• Significant effect on marine life -- Reduction in ...
  ... Nutrient supply
  ... Phytoplankton productivity
  ... Population of fish (anchovies) and fish-eating birds.

• 3) Global weather changes observed during an El Niño year include:
• Droughts (summer) -- monsoon conditions are blocked: SE Asia, India, Australia, Africa
• Heavy rainfall and storms:
  • Central Pacific, coastal South America (summer)
  • Gulf Coast and California (winter)
• Warm winters:
  Alaska, Western Canada, Northern USA

 

Example: 1997-98 El Niño

• Increase in surface water temperatures off S.Am.: 5 deg C
• Possibly the most powerful El Niño system in 150 years.
• Winter weather as predicted: wet and stormy in the southwest USA, Texas, and most of the Gulf Coast

 

4) La Niña -- opposite conditions

• Strong trade winds; cold water upwelling in East.

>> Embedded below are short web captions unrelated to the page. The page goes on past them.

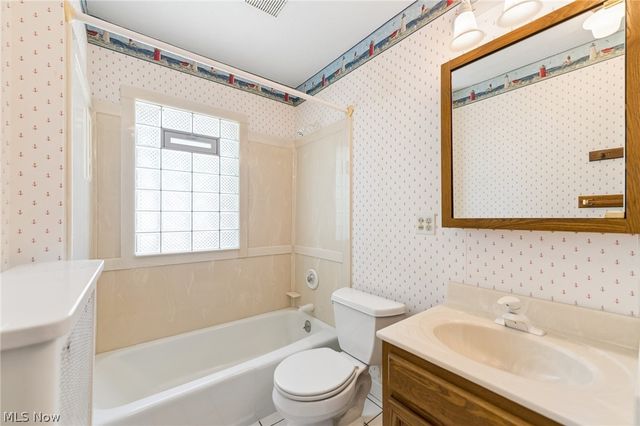 3471 E Erie Avenue, Lorain, OH 44052
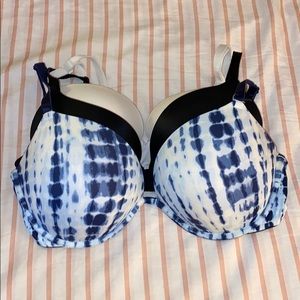 Victoria Secret Pink Bras 3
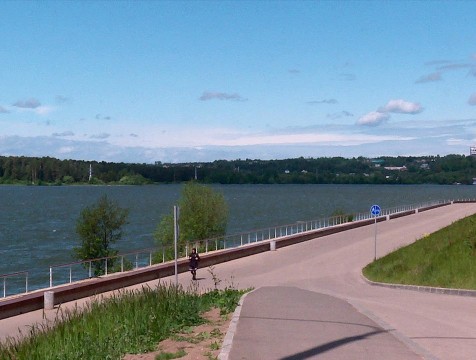 В Калуге 25 сентября перекроют участок улицы Яченской набережной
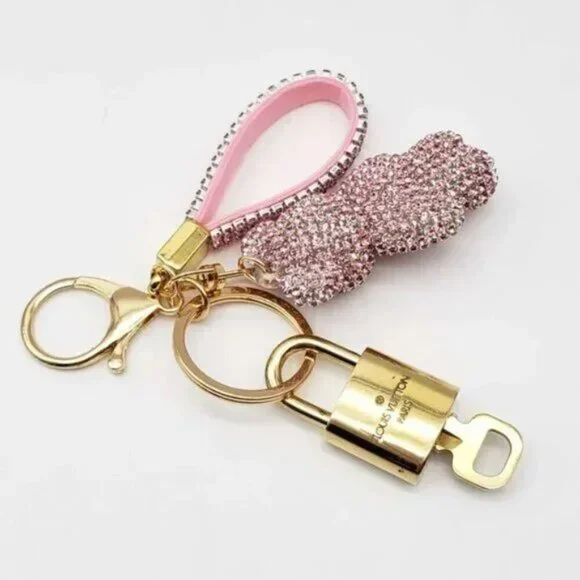 Louis Vuitton Gold Lock 🔒 Authentic LV Key + Unbranded Teddy Bear Bag Charm - Picture 4 of 6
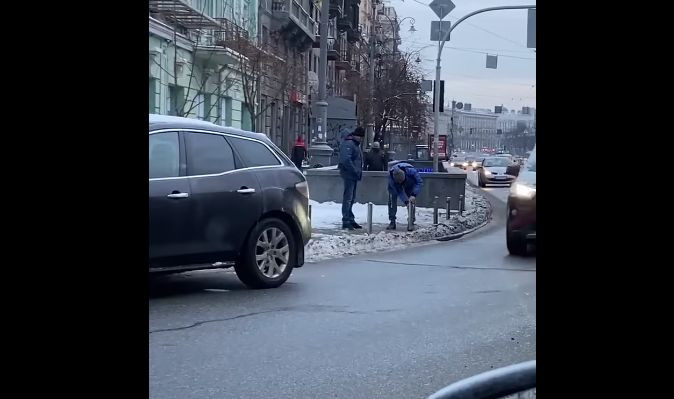 В Киеве «герой парковки» пытался демонтировать антипарковочные столбики, видео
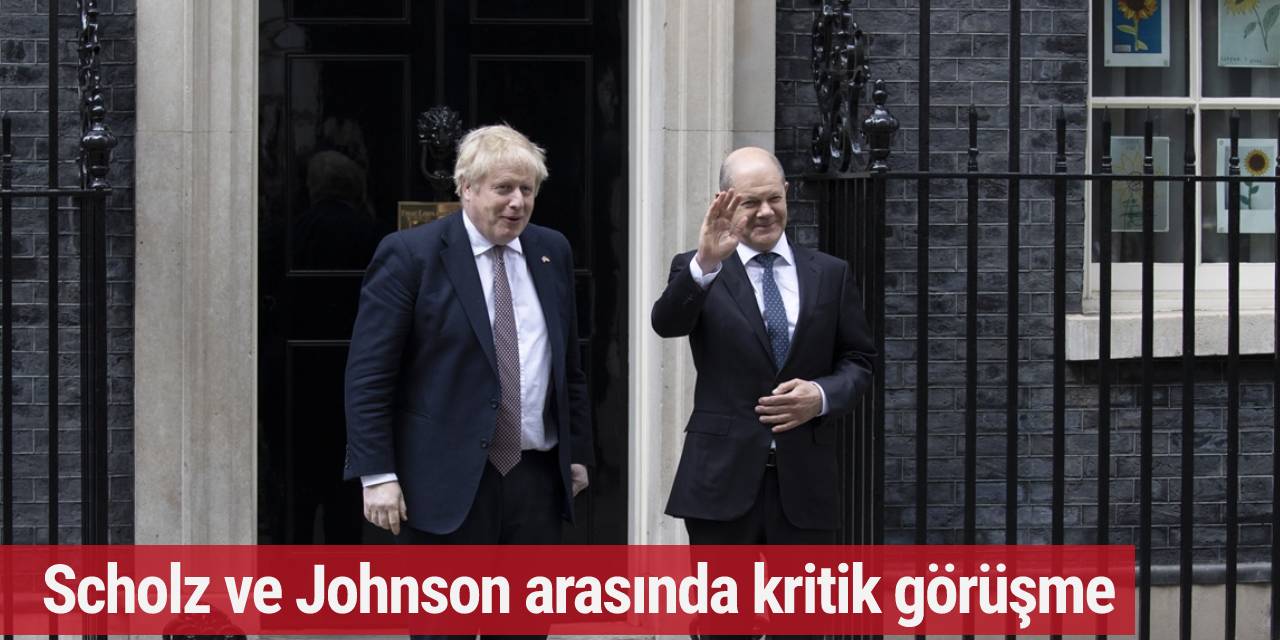 Scholz ve  Johnson arasında kritik 'Rusya' görüşmesi
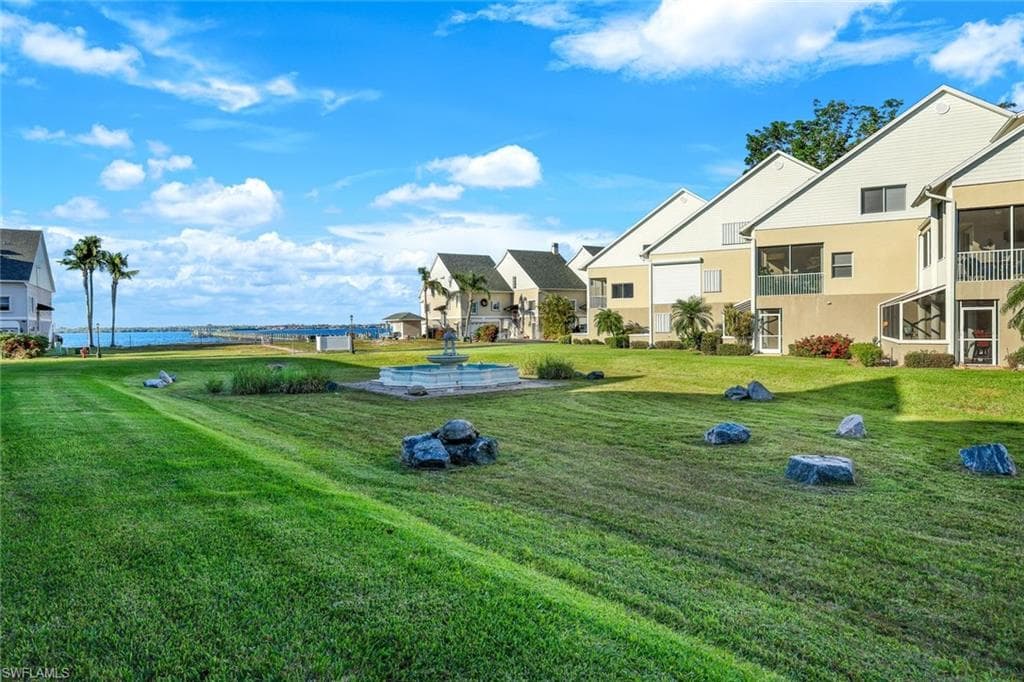 3623 Edgewood AVE, FORT MYERS FL 33916-40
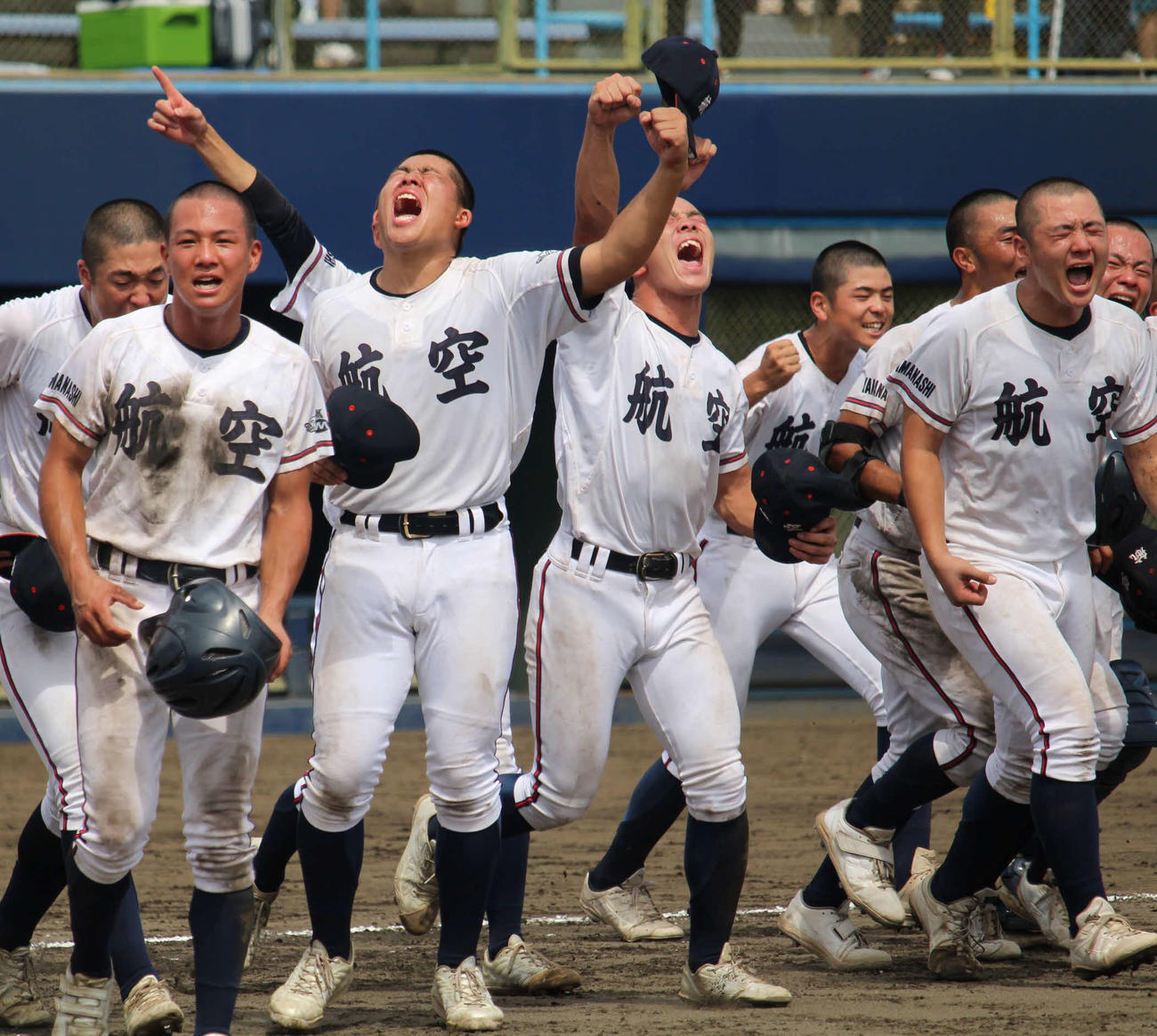 延長11回の熱戦を制した日本航空ナイン（撮影・金子真仁）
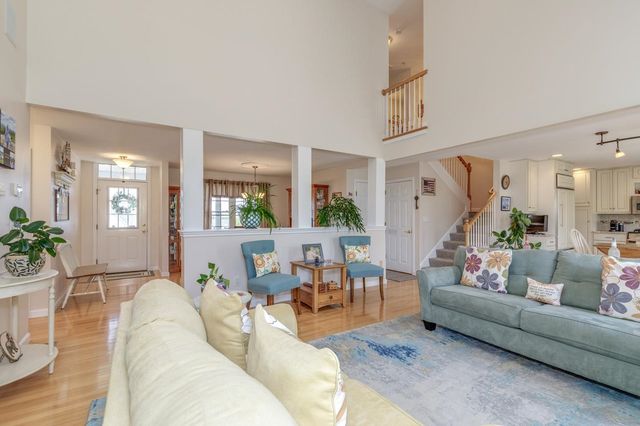 3 South Parrish Drive, Londonderry, NH 03053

Pacific
• Predicted weather:
  • More severe hurricanes
  • Severe winter, dry summer in Midwest
• Sea surface and thermocline flatten
  

DEEP CIRCULATION in the Oceans

Driving force: creation of dense water masses (cold, saline) at the surface

Happens only at high latitudes (particularly the Atlantic)

Modifying factors:

1. Coriolis effect
2. Continents and mid-ocean ridge systems

General vertical layering in the oceans

Well-mixed layer = Surface zone (to roughly 100 m depth)

Mixed by turbulence of wave action, winds, and currents
Seasonal variations in depth of this

Below that (100 - 1,000 m): Usually rapid changes in density (changes in T and S)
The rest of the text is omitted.